We had his dedication this week and our Pastor did such a wonderful job with it. He held Levi and the church prayed over him. We got a dedication certificate for him also which I framed to match Tru’s certificate. I am so happy that we got to share that moment with our church family who really love us and care for Levi and Truett like they are the churches’ babies. Which they kind of are since our church family prayed and prayed and prayed for us while we were TTC. I should write a post about that soon. It’s really a special story. Dedication is not salvation, it is us promising that we will do our best as Levi’s parents to raise him in church and to know who God is.
As for myself, postpartum hair loss is still well underway. The bare patches are huge and pretty hard to conceal now. The wads of hair I lose in the shower is still gross but the plus side is, my hair is so much lighter now and I’m sure that’s a good thing with the temps we’ve been having this summer. I am seeing lots of new hair coming in so now I have to get used to all the sticky-upies.
I have lost all but 1 pound +/- of baby weight. I wasn’t trying too hard to lose it really, it just came off. I do think the breast pumping and walking is helping. My SIL and I have been continuing with our twice weekly walks pretty well and have built ourselves up from a flat track to hills. Big hills. It’s some good cardio with pushing the heavy strollers. We usually do an hour or so and would probably be fine going longer but one of the babies always gets bored at that point and we have to stop. I hope we can continue going.
That’s all for now, this is long
enough already.
Dear God, Thank You for this day and for blessing us in being able to dedicate Levi to You. I pray that we will not fail to raise him to love and serve You and to do Your will with his life. I pray that we will teach him and raise him properly to be honest and respectful, caring and compassionate, selfless and loving. Please watch over him and protect him all the days of his life. In Jesus’ name, amen.

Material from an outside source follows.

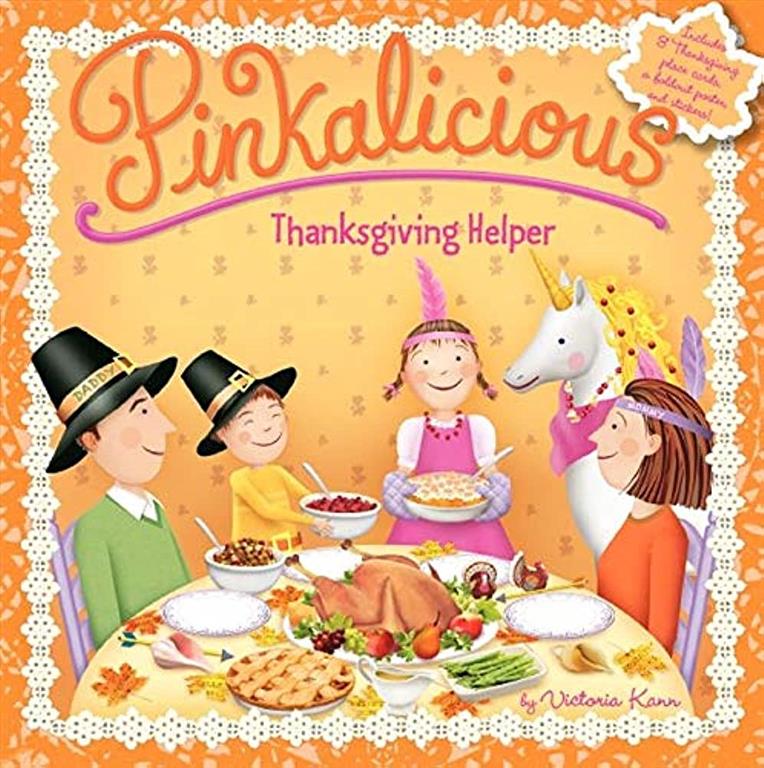 pinkalicious-thanksgiving-help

That is an 18 month t-shirt, yes it is. This boy rocks 9-12 month clothes and size 4 diapers. 😉

Those cheeks get kissed a billion times a day - minimum!

That sweet little hand on that soft little leg. My heart!

This is one of my favorite moments each day. That sweet, dependent innocence.

I wish I was this cute driving my car.

Bent on tackling his cousin. They are actually to the age where they notice each other.